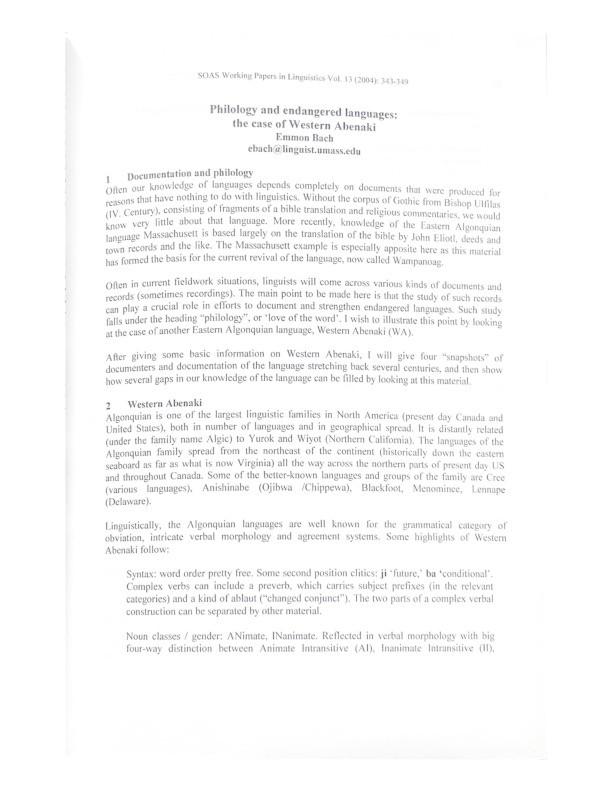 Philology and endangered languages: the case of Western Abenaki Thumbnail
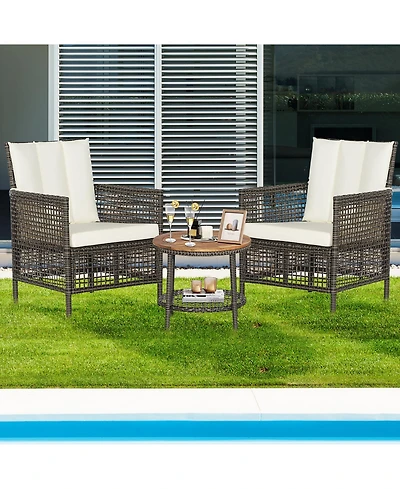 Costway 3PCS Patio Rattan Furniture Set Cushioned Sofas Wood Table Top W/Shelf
* * *
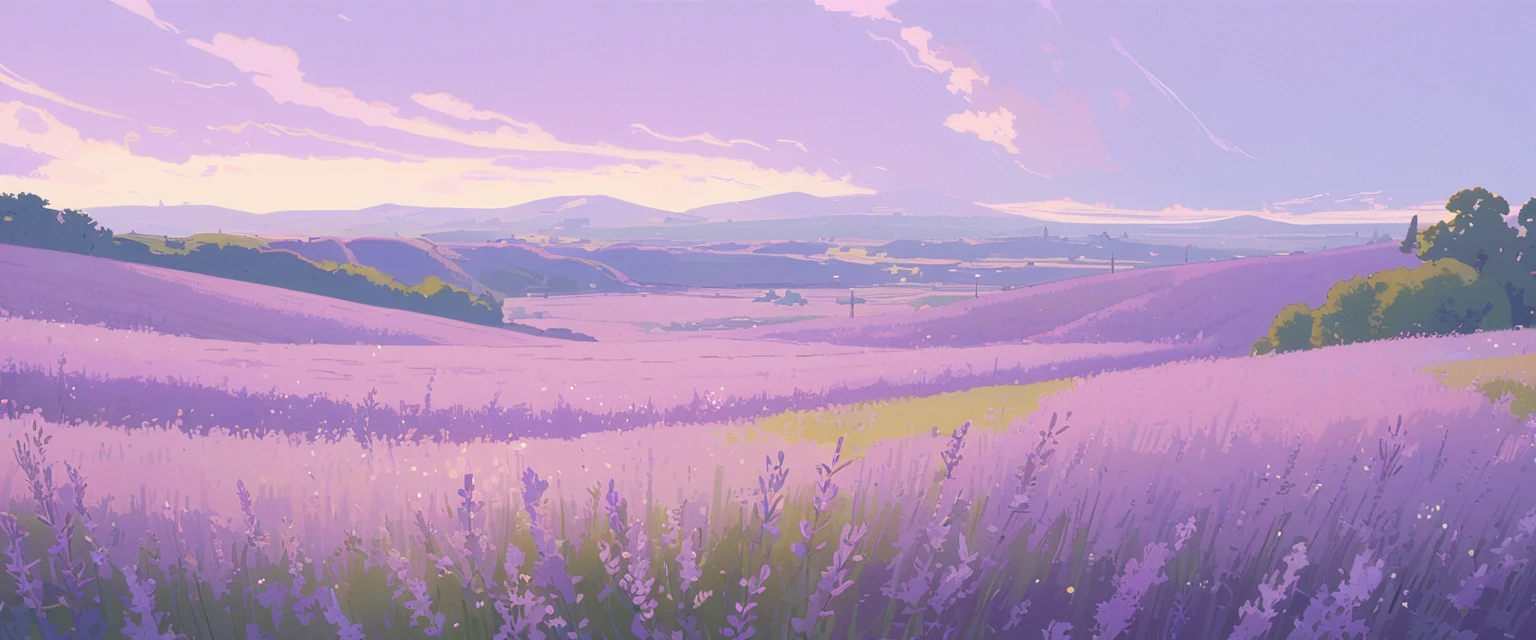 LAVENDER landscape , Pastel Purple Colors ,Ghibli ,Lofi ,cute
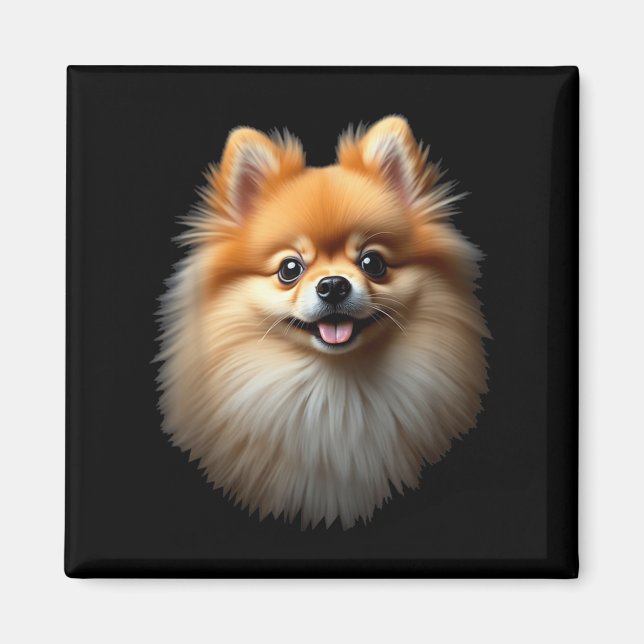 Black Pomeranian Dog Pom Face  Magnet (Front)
* * *
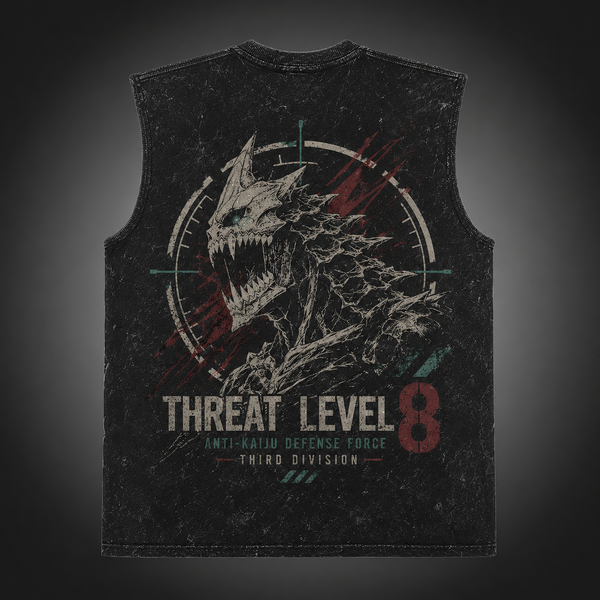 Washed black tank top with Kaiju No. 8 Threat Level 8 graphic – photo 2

• _PROBLEM REQUIREMENTS_
Given the listing above, retype only the span of lines from the line with "Philology and endangered" up to and including the line with "Costway 3PCS Patio", exactly as it stands and without pictures.

• _EXERCISE OUTPUT_
 Philology and endangered languages: the case of Western Abenaki Thumbnail
 Costway 3PCS Patio Rattan Furniture Set Cushioned Sofas Wood Table Top W/Shelf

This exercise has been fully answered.